I didn't try it, but it's possible that you can make your own custom version of the sound set .xml for the MIDI device, where you remove the volume and pan controllers from the .xml file, but leave expression in.

The MIDI controllers in your exported .mid file should reflect the sound set being used.


----------



## lancemontgomery (May 28, 2021)

Oh awesome! I’m actually using Noteperformer in Sibelius, so you’re the perfect person to talk to! Is there any chance you’ help me figure it out?

At the most basic level, I really just need nothing other than the notes exported. Keeping Expression could be useful, but definitely not Volume or Pan, and other things NP exports like CCs 14, 20-24, Reverb, and others. I assume that I’d want to make an “export only” version of the sound set, which I’d switch to only when exporting, so as not to affect NP’s playback.

Another big bonus would be to export all staves as MIDI Channel 1. In Logic I use Articulation Sets to define articulations, and having notes in other channels messes with that, so I always have to reset them.


----------



## Wallander (May 28, 2021)

lancemontgomery said:


> Oh awesome! I’m actually using Noteperformer in Sibelius, so you’re the perfect person to talk to! Is there any chance you’ help me figure it out?
> 
> At the most basic level, I really just need nothing other than the notes exported. Keeping Expression could be useful, but definitely not Volume or Pan, and other things NP exports like CCs 14, 20-24, Reverb, and others. I assume that I’d want to make an “export only” version of the sound set, which I’d switch to only when exporting, so as not to affect NP’s playback.
> 
> Another big bonus would be to export all staves as MIDI Channel 1. In Logic I use Articulation Sets to define articulations, and having notes in other channels messes with that, so I always have to reset them.

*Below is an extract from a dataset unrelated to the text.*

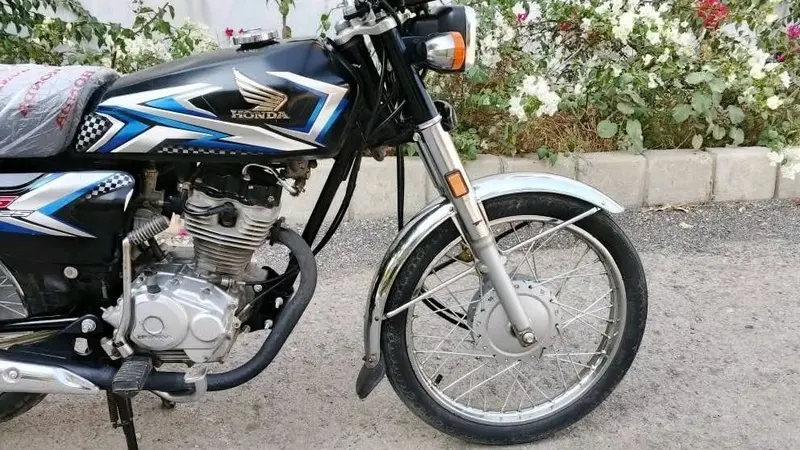 Honda 2025 Motorcycle, Black (5)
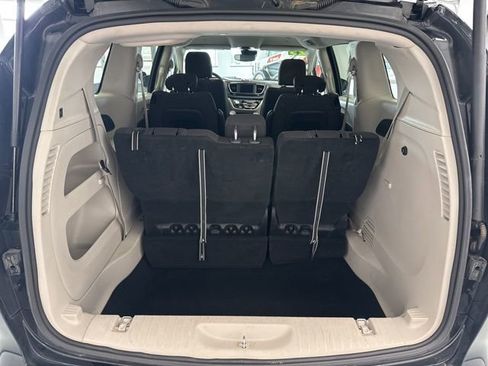 Used 2023 Chrysler Voyager LX image 10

I can have a look at it when I have a computer with Sibelius in front of me.

It shouldn't be too hard, if it works, that is.


----------



## Wallander (May 28, 2021)

Please see my attached sound set. This is probably as good as it gets. When exporting a MIDI file from Sibelius, you can optionally use a different sound set. Select this one, called "General MIDI 2 (stripped)", and all tracks will use MIDI channel 1. Here's how to install a sound set:



Sibelius - the leading music composition and notation software



I could not get rid of all MIDI messages, but you can very easily create your own MIDI Transform preset in Logic, which deletes all CC messages in a custom CC range, for all selected regions in your project in a single operation. Please see my screenshot below, where I've made a transform which deletes CC events between CC1 and CC10. You can create similar presets for other unwanted events.


----------



## Wallander (May 28, 2021)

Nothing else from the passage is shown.